“Footlight Parade”

When I was at university in London in the 1970s, I used to have to spend one Monday morning a week in Notting Hill. After my lecture, the day was my own. The local cinema, I think it’s The Coronet these days, showed two old black and white musicals for not very much money for old people, and me.

So I got to see Fred and Ginger on the big screen, and Busby Berkeley films.

Berkeley was a film director later, but for these films he handled the, er, choreography. Let’s say, the musical numbers.

The films inevitably seemed to star Dick Powell, Ruby Keeler and Joan Blondell. Others popped up: Ginger Rogers and Hugh Herbert were regulars.

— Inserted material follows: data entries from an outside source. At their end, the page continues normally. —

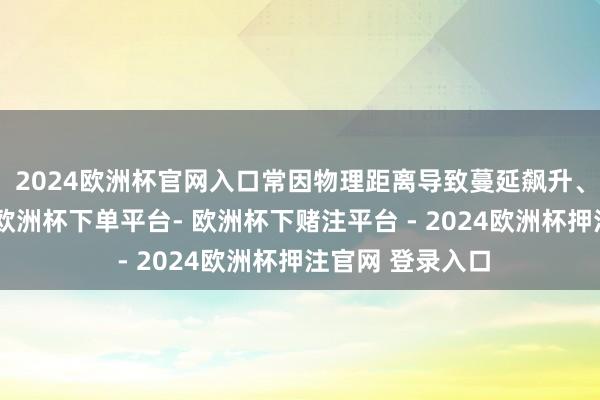 2024欧洲杯官网入口常因物理距离导致蔓延飙升、手段开释卡顿-欧洲杯下单平台- 欧洲杯下赌注平台 - 2024欧洲杯押注官网 登录入口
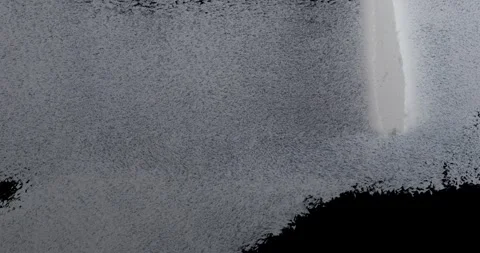 Paint roller applies pale gray paint across dark surface, leaving textured .. Stock Footage 348442316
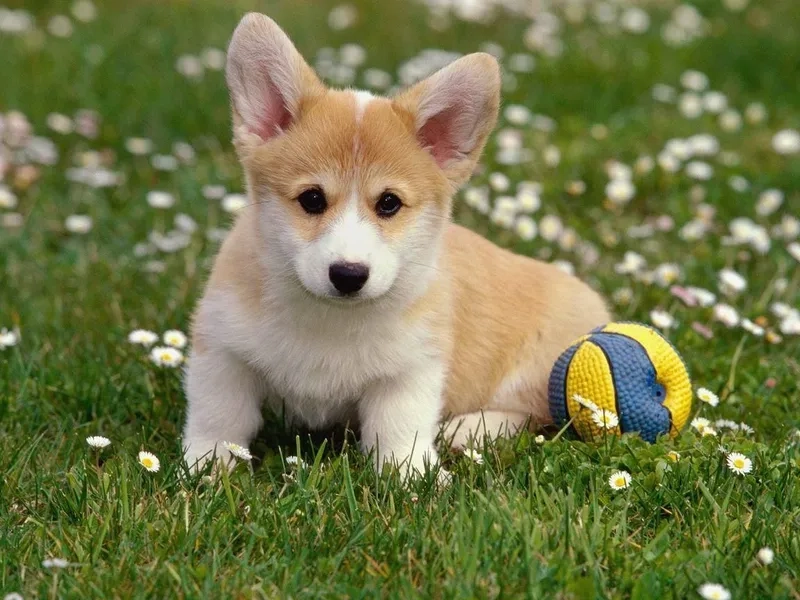 Tận hưởng sự đáng yêu với hình nền con chó cute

“Footlight Parade” (1933) is not the best Berkeley film, or the best known (“42nd Street” is probably that) but it is interesting.

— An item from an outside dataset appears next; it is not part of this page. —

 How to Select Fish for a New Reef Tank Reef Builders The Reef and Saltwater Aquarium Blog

It stars James Cagney. Cagney loved doing song and dance films, and made one stupendous musical film (“Yankee Doodle Dandy”) that we will come back to later. The regulars are here.

The story is slight: Cagney produces musical introductions for cinema, live acts preceding a film. There’s some nonsense about rivals stealing his ideas, but the film finishes with three of these ‘prologues’ being shown.

One is the legendary By A Waterfall. Berkeley brings out all his skills, creating patterns like a kaleidoscope.

There’s water everywhere, and scantily clad girls.

It’s mad, of course, but looks stunning.

Before that comes Honeymoon Hotel, where Powell sings some slighly risque lyrics about everyone registering as ‘Smith’. And the girls get to take their clothes off.

The third song is Shanghai Lil. Cagney sings the tune and does his trademark dancing and Ruby Keeler plays the woman who steals men’s hearts.

It’s pre-code Hollywood, so there are some slightly naughty references, but nothing your mum would object to.